One example of how this view comes into play is the asymmetry of broadband services. Anticipating a number of new applications that require greater upstream capacity, one can project increasing demand for upstream bandwidth arising from new applications. Yet, if connections remain highly asymmetric over the long run, then applications that need significant upstream capacity will be slower to appear. Because it takes into account the dynamic interplay between deployed technology and applications as well as the interplay between technology and economic developments, this second definition is likely to be the more useful one in planning and policy making.
Whichever of these definitions one adopts, it is quite apparent that a single number—be it 200 kbps or 2 Mbps—is not a useful definition of broadband (even if one focuses only on the bandwidth issue).
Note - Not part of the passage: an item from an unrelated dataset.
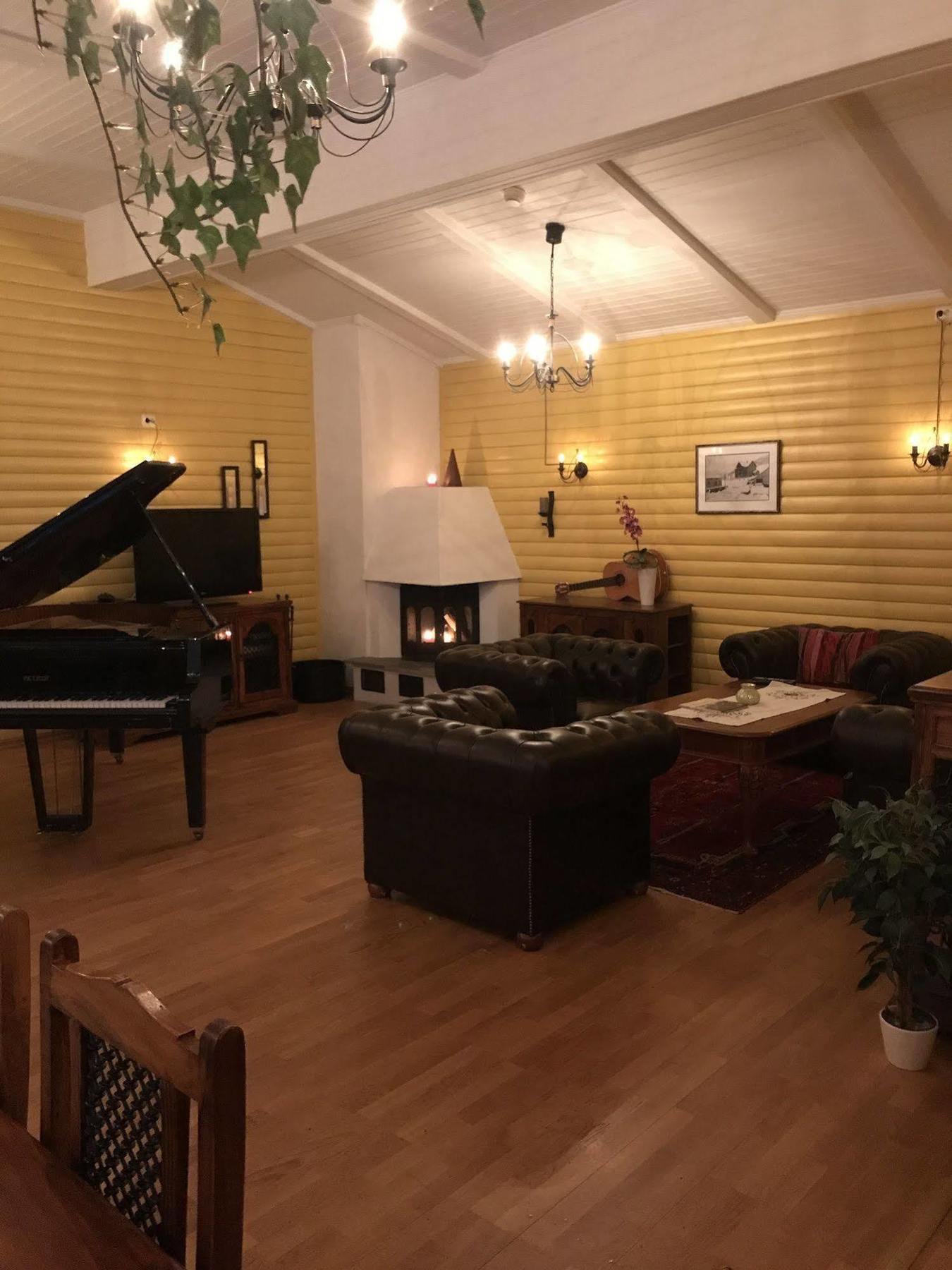 Gjestgiverier Gjestegård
However, not all values (from zero to infinity) will be equally meaningful. Applications such as those discussed in Chapter 3 tend to cluster into classes characterized by bandwidth and other performance requirements. This suggests that there will be a series of milestones along the way, with
multiple peaks that may well correspond to, or catalyze, application and infrastructure deployment milestones.
Today’s residential broadband capabilities, which are typified by several hundred kilobits per second to several megabits per second downstream and several hundreds of kilobits per second upstream, support such applications as Web browsing, e-mail, messaging, games, and audio download and streaming. These are possible with dial-up, but their performance and convenience are significantly improved with broadband. At downstream speeds of several tens of megabits per second, new applications are enabled, including streaming of high-quality video, such as MPEG-2 (a standard defined by the Moving Picture Experts Group) or high-definition television (HDTV), download of full-length (70- to 90-minute) audiovisual files in tens of minutes rather than hours, and rapid download of other large data files. Reaching this plateau would enable true television-personal computing convergence. With comparable upstream speeds, computer-mediated multimedia communications become possible, including distance education, telecommuting, and so forth. With FTTH, a new performance plateau with gigabit speeds both up- and downstream would be reached. The applications that would take full advantage of this capacity remain to be seen.